### [What is required]
When you reach the line that contains "Picture 4 - - Amaryllis Clip Art (447x800)", set down that line and every one after it through the end of the records, exactly as written and with no pictures.

Short text fragments from websites
== == ==
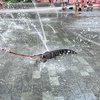 Wally Alligator LOVE Park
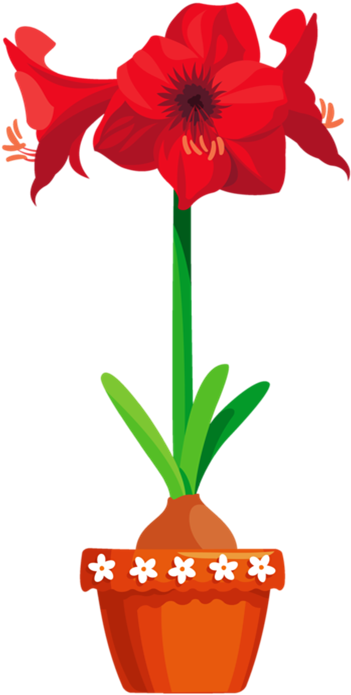 Picture 4 - - Amaryllis Clip Art (447x800)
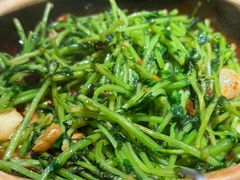 川香焗豆苗-廖川菜(八佰伴店)
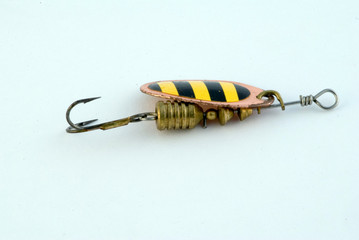 bait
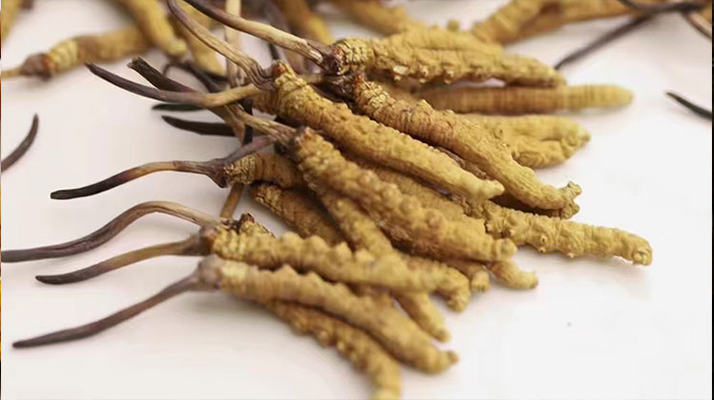 賣冬蟲夏草的地方哪里有？全面解析購(gòu)買渠道與選購(gòu)策略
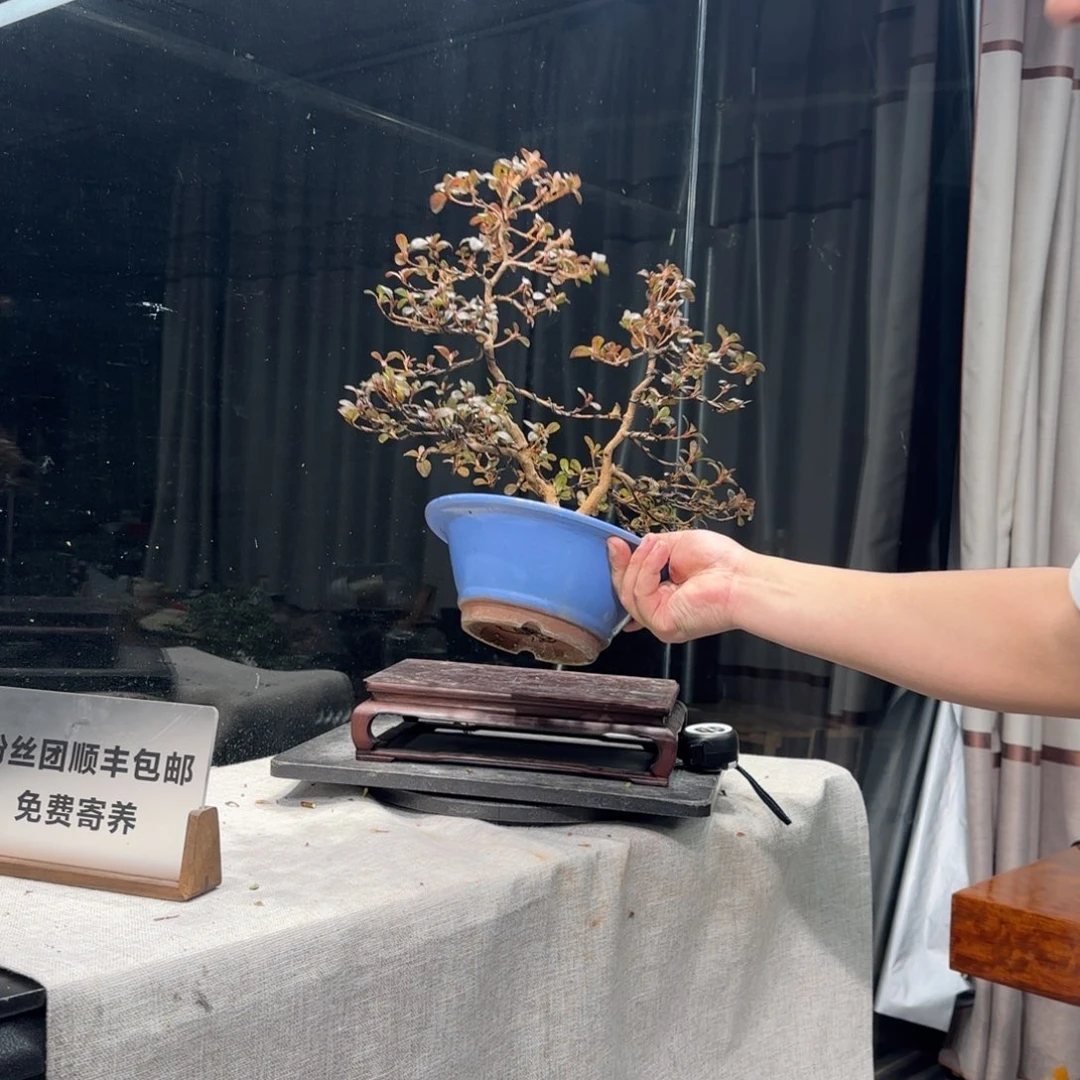 这****来花卉苗木花卉苗6715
== == ==
### [Solution for this problem]
 Picture 4 - - Amaryllis Clip Art (447x800)
 川香焗豆苗-廖川菜(八佰伴店)
 bait
 賣冬蟲夏草的地方哪里有？全面解析購(gòu)買渠道與選購(gòu)策略
 这****来花卉苗木花卉苗6715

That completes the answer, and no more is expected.